**Work instruction:**
The answer must consist only of the lines in the records below from the line with "Railway signal system" to the line with "Schoolgirl girl shows", both included, copied word for word with every picture left out.

[Records from a data collection]
++++

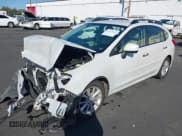 ✅ 2012 Subaru Impreza Premium • VIN: JF1GPAB61CH240431 • Lot: 43315187. Listed on IAAI with 76,218 mi. Free auction sales archive from the USA and detailed vehicle history report at DreamBid. Image 2.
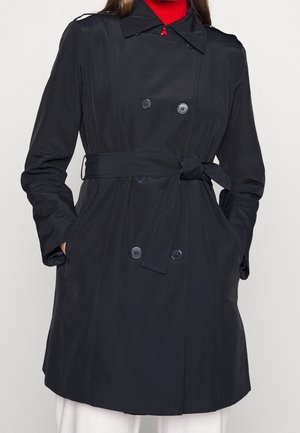 Frau trägt einen schwarzen, doppelreihigen Trenchcoat mit gebundenem Gürtel, die Hände in den Taschen, darunter ein rotes Oberteil.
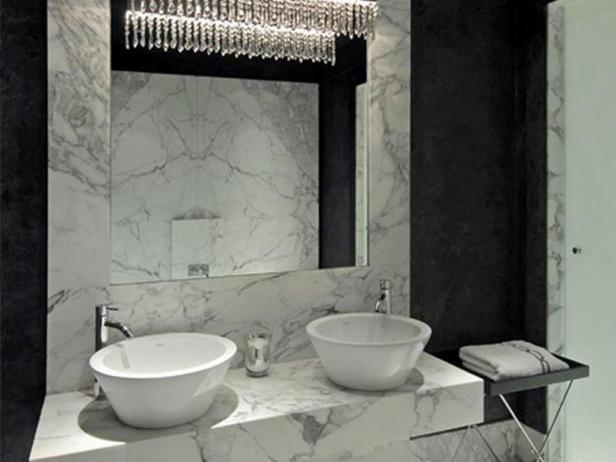 This contemporary bathroom design by Michael Habachy features black Venitian plaster walls and white marble that surrounds the mirror and extends into the vanity and floors.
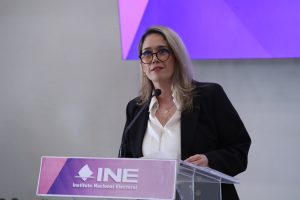 Consejera Electoral Frida Denisse Gómez Puga parada en el pódium del lobby del instituto.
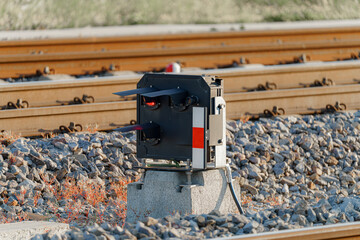 Railway signal system positioned next to railway tracks on a clear day in a rural area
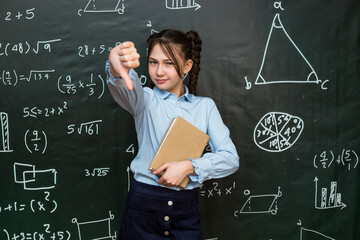 Schoolgirl girl shows her dissatisfaction with the school curriculum by putting her finger down.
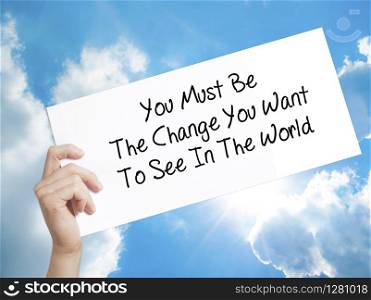 You Must Be The Change You Want To See In The World Sign on white paper. Man Hand Holding Paper with text. Isolated on sky background. Business concept. Stock Photo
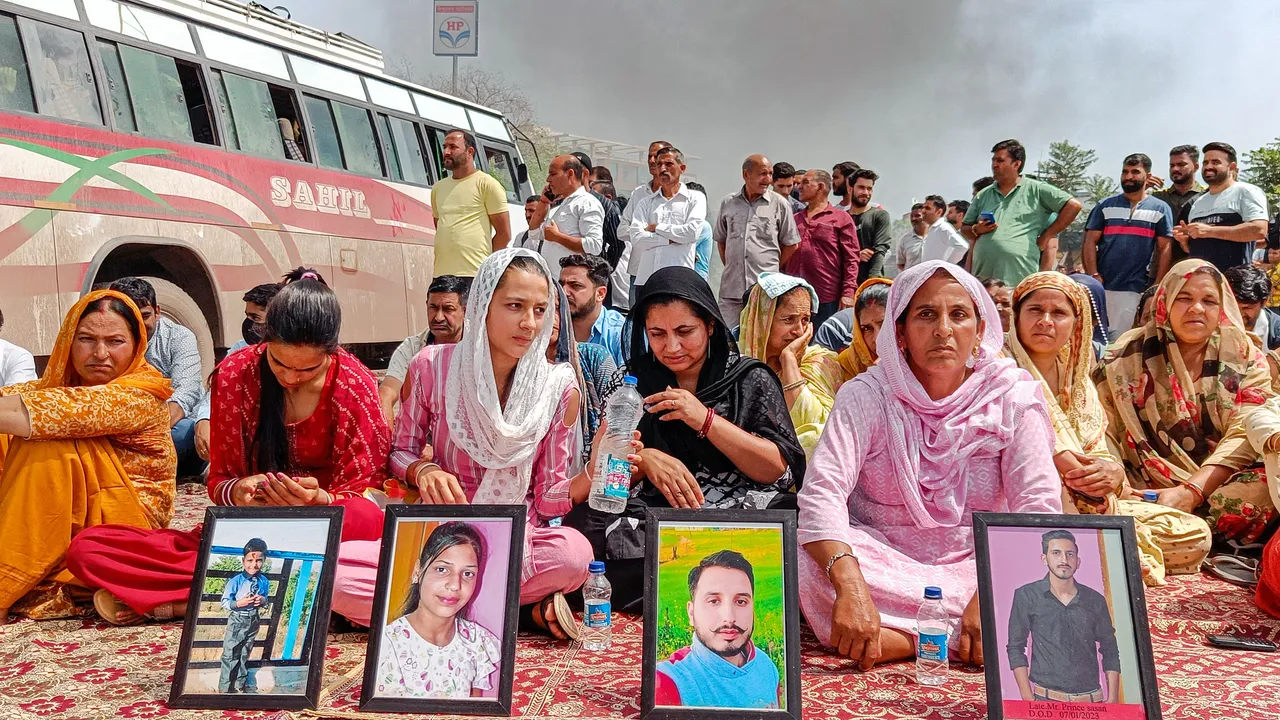 Families of Dhangri terror attack victims block the Jammu-Rajouri-Poonch National Highway during their protest demanding justice, at Muradpur Chowk in Rajouri
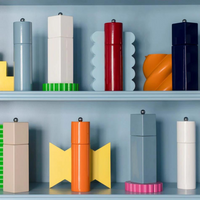 Addison Ross Mini Pillar Salt & Pepper Shakers, featuring a white lacquer finish and ceramic grinder, are displayed on blue shelves for a playful, modern look with bold colors and geometric design.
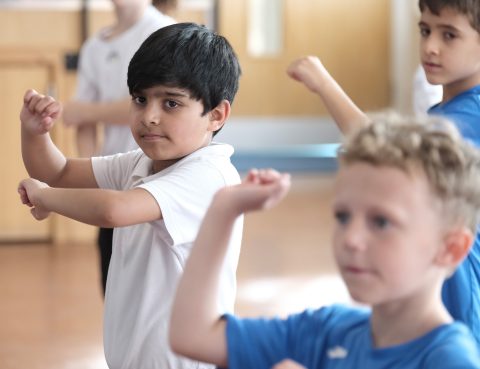 Children taking part in a DanceSyndrome inclusive dance session in a school setting.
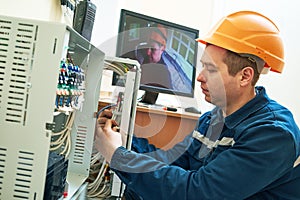 Technician worker adjusting video surveillance system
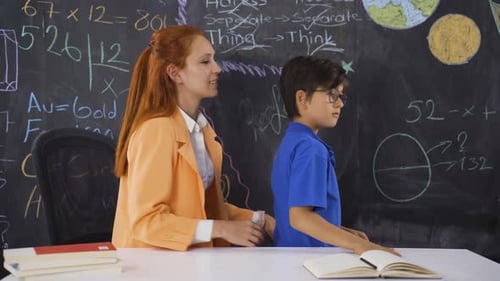 Friendly Teacher Helps Boy at Desk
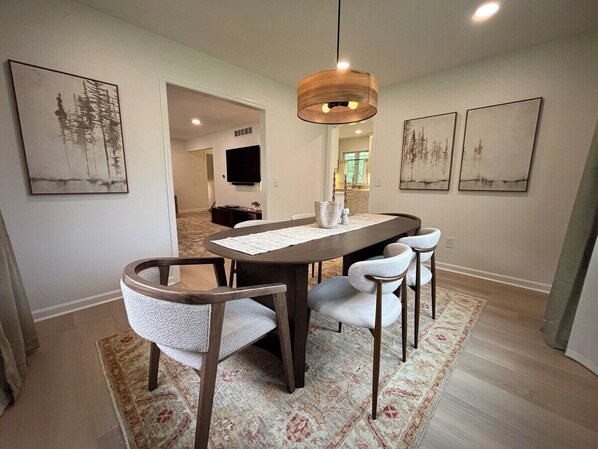 Un comedor con una mesa de madera, cuatro sillas, una lámpara colgante y obras de arte en las paredes.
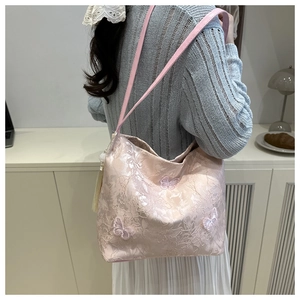 Pink lace tote bag with 3D butterfly embroidery detail shown on shoulder of a model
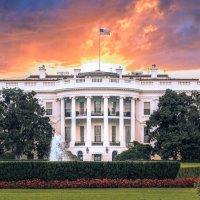 White House, under dramatic sky.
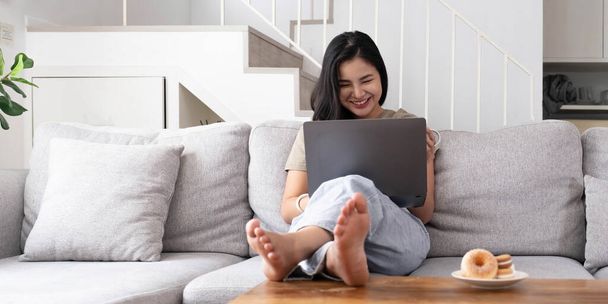 aziatische jonge vrouw op zoek laptop lachen met goed nieuws of kortingsbon voor het winkelen online thuis.Happy en vrolijke vrouw op zoek naar laptop gelezen bericht voel opwinding - Foto, afbeelding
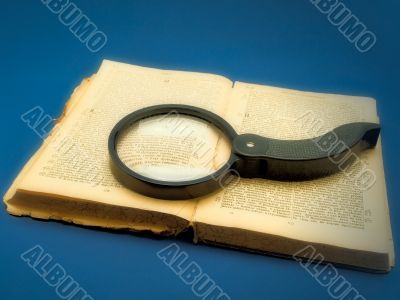 magnifier at the book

++++

**Task response:**
 Railway signal system positioned next to railway tracks on a clear day in a rural area
 Schoolgirl girl shows her dissatisfaction with the school curriculum by putting her finger down.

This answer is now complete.